After finishing Kyiv Arts Institute, Zabolotny worked as an instructor at the institute as well as at the Kyiv Engineer Construction Institute (today the Kyiv National University of Construction and Architecture). In 1929-33 he worked on the project design of the Kyiv-Pasazhyrskyi railway station as an assistant to Oleksandr Verbytsky. Among his own first works was Government Palace of the Ukrainian SSR (Kharkiv, 1927) and Residential Massif "Promin" (Kharkiv, 1928). At the beginning of 1930s, Zabolotny was a chief architect of DIPROMIST (Ukrainian State Science Research Institute of City Planning). At that time (1930) he created a city project for Kominternivske in Odesa Oblast. Along with it, Zabolotny also created a Palace of Culture of the Dnipro Metallurgical Combine in Kamianske and the Regional Consumer Association building in Vinnytsia.

After the capital had been transferred from Kharkiv to Kyiv, Zabolotny participated in the creation of the new Government Center in Kyiv (1935).

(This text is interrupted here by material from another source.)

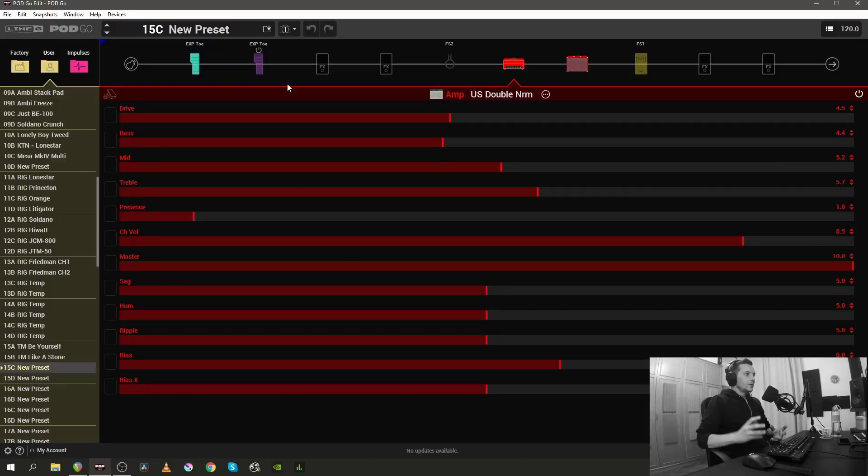I've used it quite a lot and I think I can do pretty much everything that I can do on the unit I can do in the software and vice versa. But for some stuff I think that using the PodGo Edit is much easier and for me a more comfortable option. So what do we need to know about the PodGo Edit software?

In 1935–36, along with his students from the Kyiv Engineer Construction Institute, he built several pavilions in the Pioneer Park in Kyiv as well as a puppet theater, a cinema and two multi-story buildings on the Chervonoarmiyska and Tryokhsvyatytelska streets. His finest creation was the Verkhovna Rada building for which he received an honorary diploma from the Presidium of the Supreme Council of Ukraine and a prize of 5,000 rubles.